▸ **WHAT YOU NEED TO DO**
The output should match, line for line, the records from the line containing "Луѓето носат предмети" through the line containing "The Thumbs Up", with every picture left out.

▸ **EXTRACTED ENTRIES**
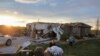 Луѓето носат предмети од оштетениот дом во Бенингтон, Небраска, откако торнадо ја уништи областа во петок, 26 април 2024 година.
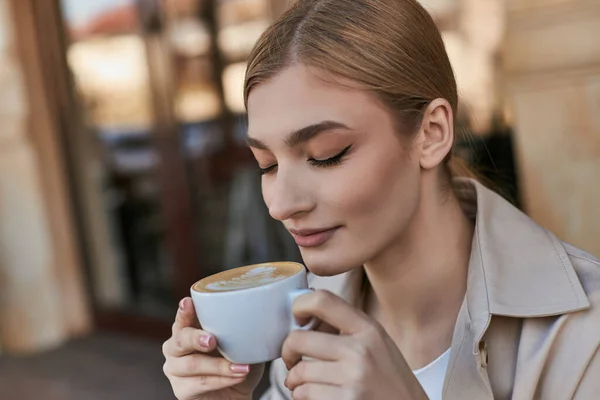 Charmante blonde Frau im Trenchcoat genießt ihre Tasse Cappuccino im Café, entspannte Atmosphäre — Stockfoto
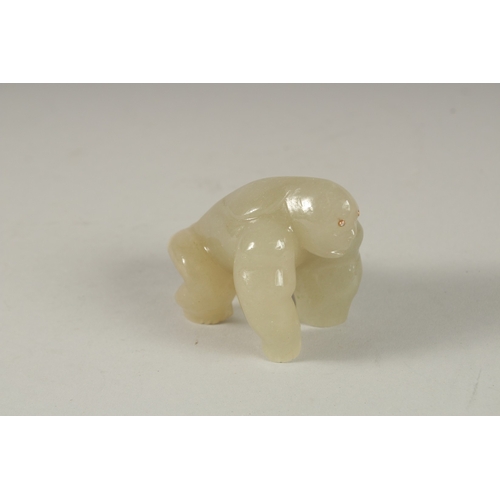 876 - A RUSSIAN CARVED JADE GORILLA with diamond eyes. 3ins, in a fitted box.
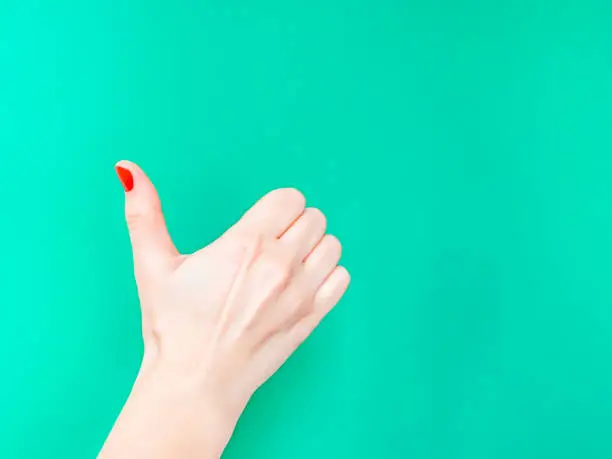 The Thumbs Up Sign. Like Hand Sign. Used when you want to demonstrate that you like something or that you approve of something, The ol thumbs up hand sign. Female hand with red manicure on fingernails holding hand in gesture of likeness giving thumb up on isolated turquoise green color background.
* * *
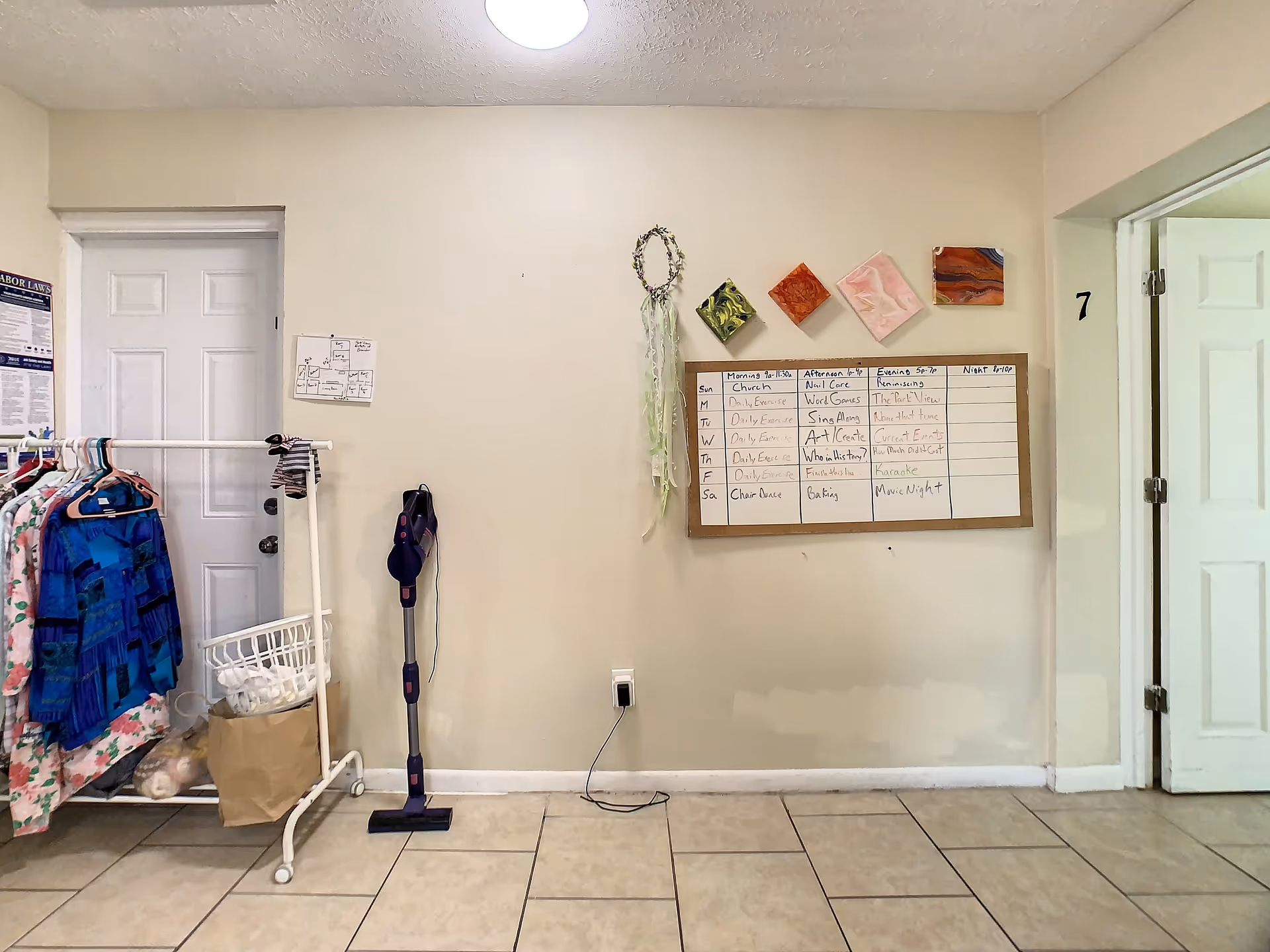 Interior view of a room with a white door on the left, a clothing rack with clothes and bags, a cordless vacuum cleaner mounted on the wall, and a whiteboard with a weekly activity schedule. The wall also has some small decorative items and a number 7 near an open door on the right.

▸ **EXERCISE OUTPUT**
 Луѓето носат предмети од оштетениот дом во Бенингтон, Небраска, откако торнадо ја уништи областа во петок, 26 април 2024 година.
 Charmante blonde Frau im Trenchcoat genießt ihre Tasse Cappuccino im Café, entspannte Atmosphäre — Stockfoto
 876 - A RUSSIAN CARVED JADE GORILLA with diamond eyes. 3ins, in a fitted box.
 The Thumbs Up Sign. Like Hand Sign. Used when you want to demonstrate that you like something or that you approve of something, The ol thumbs up hand sign. Female hand with red manicure on fingernails holding hand in gesture of likeness giving thumb up on isolated turquoise green color background.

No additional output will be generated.